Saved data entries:
━━━━━━━━━━

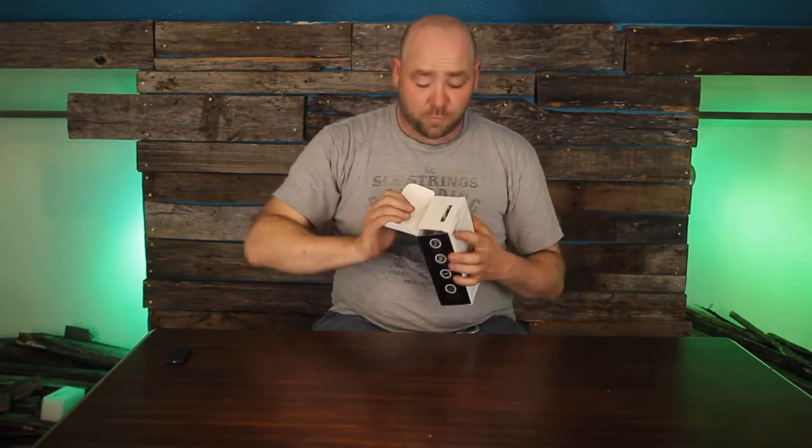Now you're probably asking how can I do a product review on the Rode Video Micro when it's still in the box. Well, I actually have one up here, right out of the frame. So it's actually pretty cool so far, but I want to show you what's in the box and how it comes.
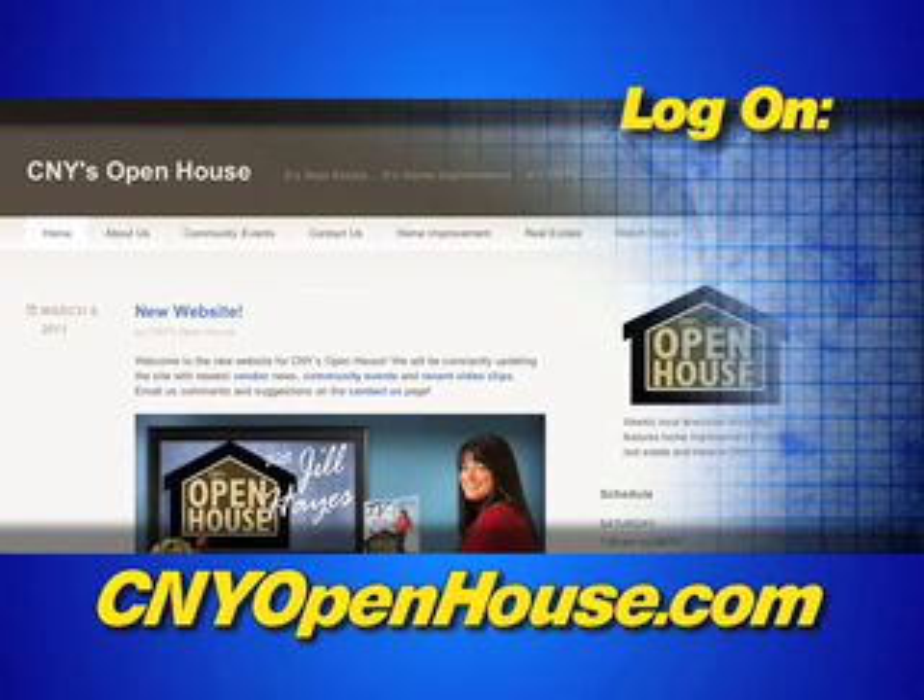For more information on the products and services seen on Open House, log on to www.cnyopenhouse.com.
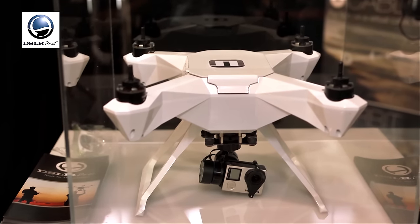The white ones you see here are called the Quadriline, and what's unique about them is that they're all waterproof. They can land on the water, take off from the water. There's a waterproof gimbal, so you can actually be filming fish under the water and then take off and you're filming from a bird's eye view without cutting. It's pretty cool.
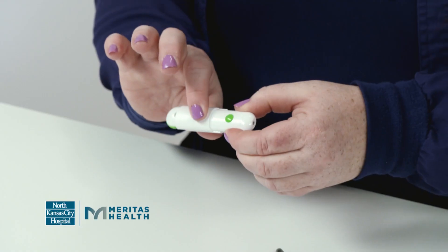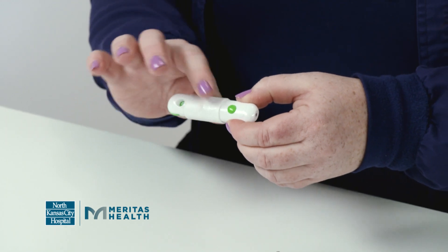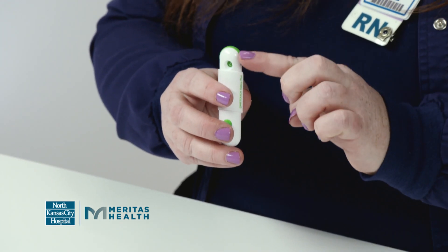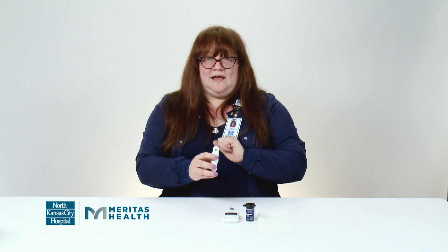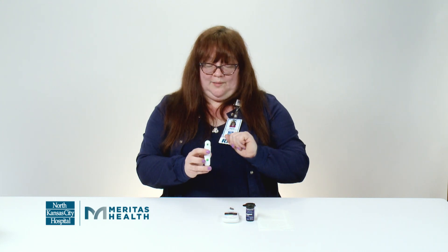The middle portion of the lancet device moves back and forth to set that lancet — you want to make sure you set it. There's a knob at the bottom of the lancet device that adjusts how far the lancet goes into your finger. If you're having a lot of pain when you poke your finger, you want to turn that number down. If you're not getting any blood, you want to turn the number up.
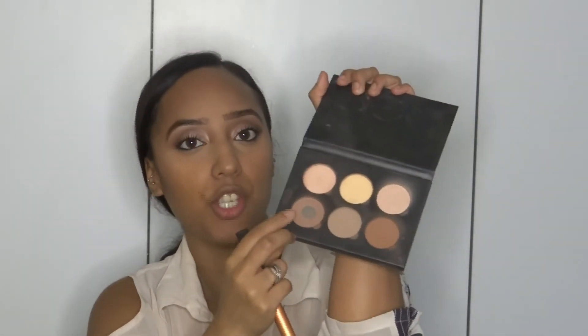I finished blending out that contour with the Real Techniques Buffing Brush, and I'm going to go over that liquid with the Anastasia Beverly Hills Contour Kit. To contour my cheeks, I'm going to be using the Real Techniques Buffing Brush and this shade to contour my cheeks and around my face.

━━━━━━━━━━

**Task brief**: Each record above should be duplicated word for word, with no pictures included.

**Written solution**:
Now you're probably asking how can I do a product review on the Rode Video Micro when it's still in the box. Well, I actually have one up here, right out of the frame. So it's actually pretty cool so far, but I want to show you what's in the box and how it comes.
For more information on the products and services seen on Open House, log on to www.cnyopenhouse.com.
The white ones you see here are called the Quadriline, and what's unique about them is that they're all waterproof. They can land on the water, take off from the water. There's a waterproof gimbal, so you can actually be filming fish under the water and then take off and you're filming from a bird's eye view without cutting. It's pretty cool.
The middle portion of the lancet device moves back and forth to set that lancet — you want to make sure you set it. There's a knob at the bottom of the lancet device that adjusts how far the lancet goes into your finger. If you're having a lot of pain when you poke your finger, you want to turn that number down. If you're not getting any blood, you want to turn the number up.
I finished blending out that contour with the Real Techniques Buffing Brush, and I'm going to go over that liquid with the Anastasia Beverly Hills Contour Kit. To contour my cheeks, I'm going to be using the Real Techniques Buffing Brush and this shade to contour my cheeks and around my face.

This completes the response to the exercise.